決して自分の欲望を彼らに押し付けるのではなく、彼らの誘いを受け止めて「そうなって」いくのだ。また、ズーたちはパートナーとの「対等性」を重視する。動物虐待に通じる「支配する側、される側」という関係ではない。「動物とのセックスは言葉での合意が取れないから、すべて性的な虐待」という意見もあるが、濱野さんが出会ったズーたちは、パートナーたちと意思疎通ができ、性的なケア(マスターベーション)もしていた。

私は読みながら、若いころ一緒に過ごしていたオスのポメラニアンをしきりに思い出していた。彼はよく私のナマ足にしがみついて腰を振っていた。あれは誘いだったのかしら(笑)私は飼い犬が飼い主にムラムラするなんて、考えもしなかったなぁ(…まぁ、フツーはそうよね…)

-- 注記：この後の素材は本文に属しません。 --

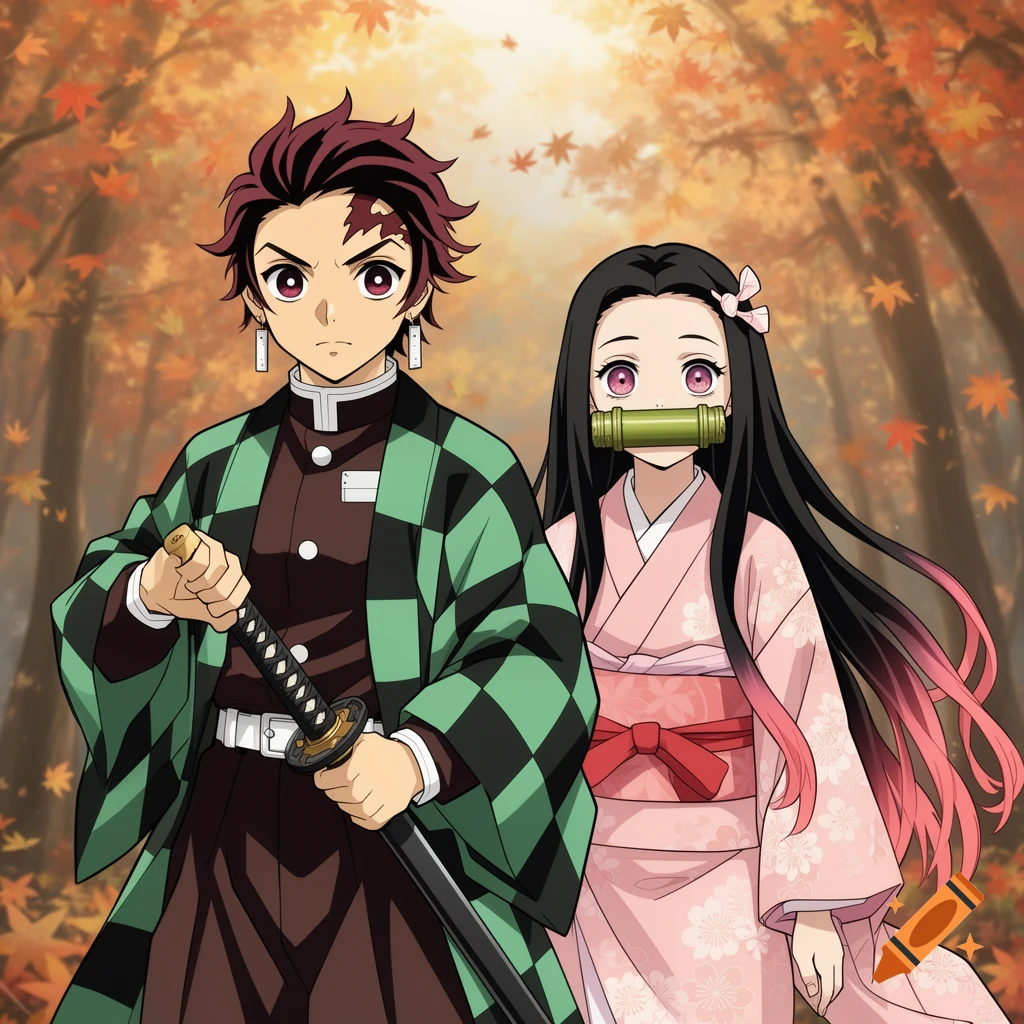 Anime characters Tanjiro with a katana and Nezuko with a bamboo muzzle standing in an autumn forest.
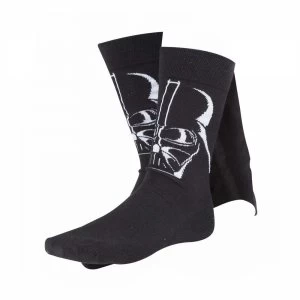 Image of Star Wars Adult Male Darth Vader 3D Cape Crew Socks, 43/46, Black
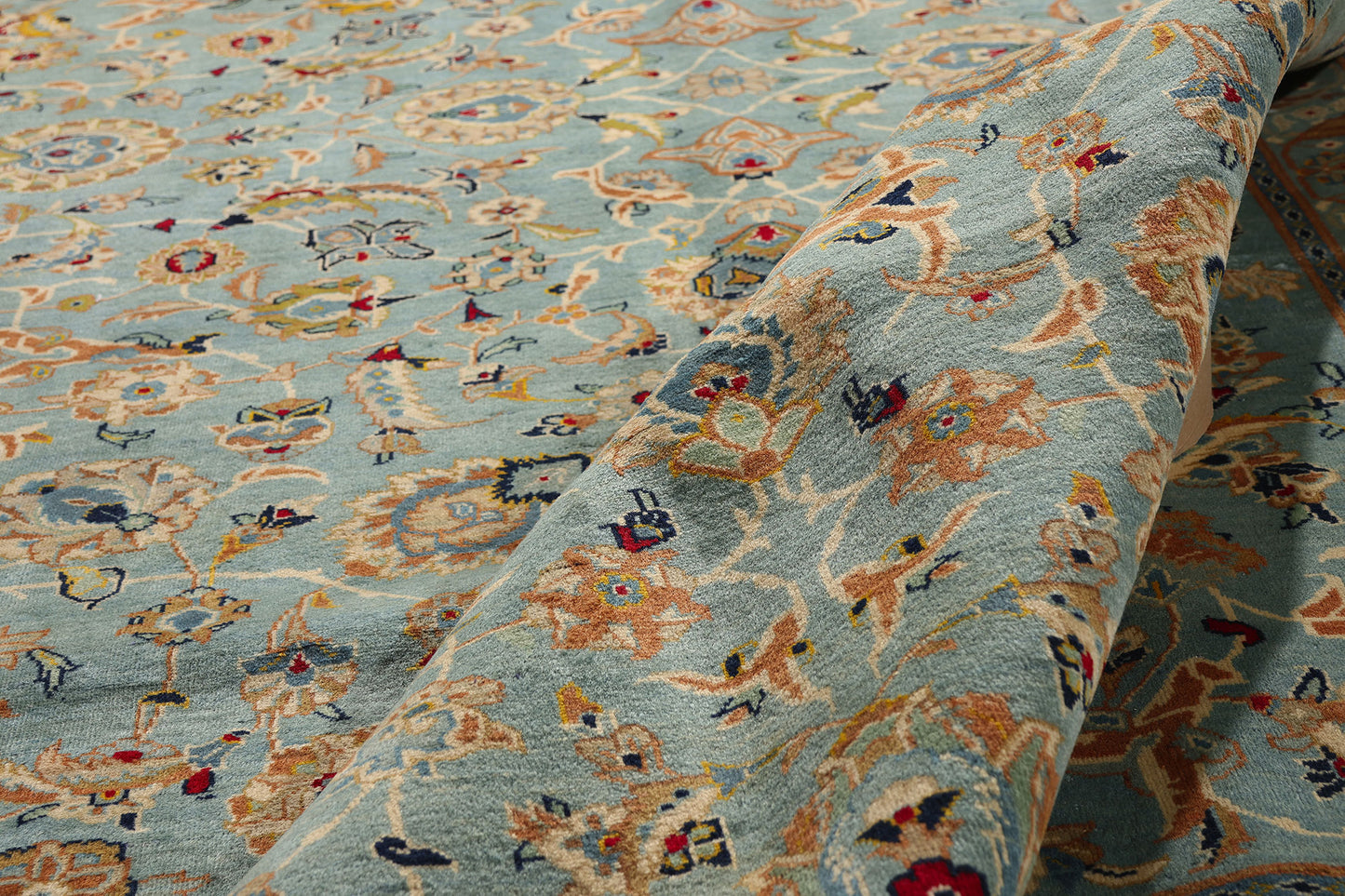 10 x 14 Light Blue Vintage Persian Kashan Rug 61486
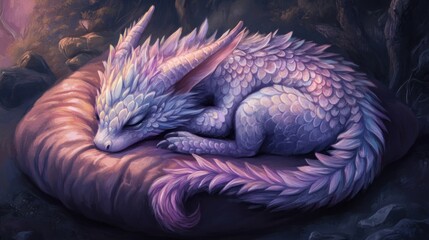 Fantasy sleeping dragon illustration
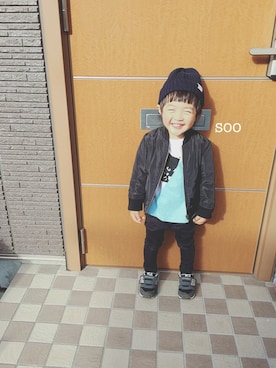 「にゃー」｜「アイテム（ニットキャップ/ビーニー）」を使った、soo&aaaさん（キッズ・90cm）の冬コーディネート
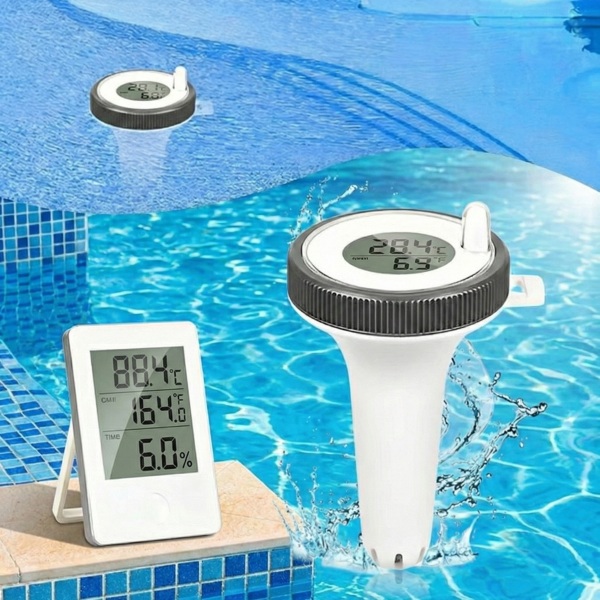 Kabelloses Pool-Thermometer - 60 m Reichweite, IP67, Innenanzeige | POOLMETER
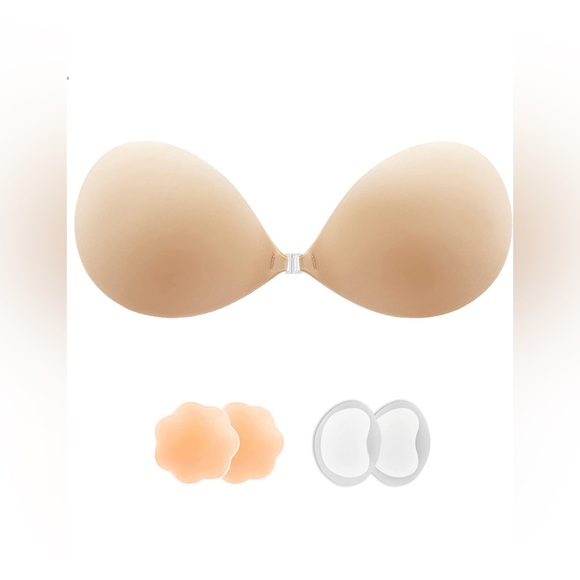 lalaWing Other - NIB Adhesive Bra, Sticky Strapless Fabric Bra Invisible with Nipple Covers Nude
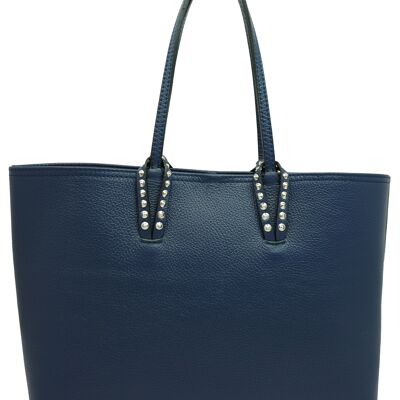 Georgette calfskin leather tote bag Blue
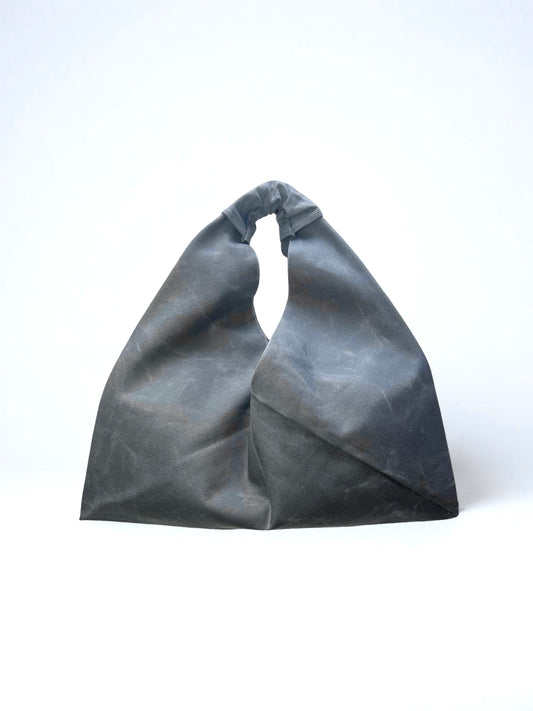 Gray waxed canvas origami midi bag handcrafted in Turkey by Esra Kayira brand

ズーの中には、自らのセクシュアリティーを選び取ってズーになった人もいる。ある男性は恋人(女性)とオスの犬との3者で、種や性別を超越した性愛の関係を結んでいた。彼らは自分たち三者の関係に、とても満足しているという。

著者はこう書いている。

ズーたちにとって、動物は動物でなければならない。彼らは人間の代替として動物を必要としているのではない。動物こそ彼らは癒やされ、ケアされている。初めから裏切りのない「愛」をくれる相手と、彼らは暮らしている

そういったズーたちの動物への愛について、著者はこう書いているのが印象的だ。

…ミヒャエル(濱野さんが出会ったズー)たちが話す愛は、愛というものの型通りのあり方をなぞっているように私は思えた。意地悪な言い方をすれば、反論を許さない愛を彼らは主張しているように思うのだ。

そして、こう書くのを私は同感しながら読んだ。

…ズーたちがロマンティックにパートナーとの愛を語れてしまうのは、相手が人間ではないからだと、私は感じてしまう。彼らの愛は、ある意味で最初から保証されている。特に犬は、人間に惜しみなく愛をくれる。彼らはいなくならない。彼らは常に人間を必要とする。


相手が初めから「裏切りのない愛」をくれる動物とだからこそ、成り立つ究極の関係ー。誰もが当たり前に、そのような性的指向を選択できる日がくるのかもしれない。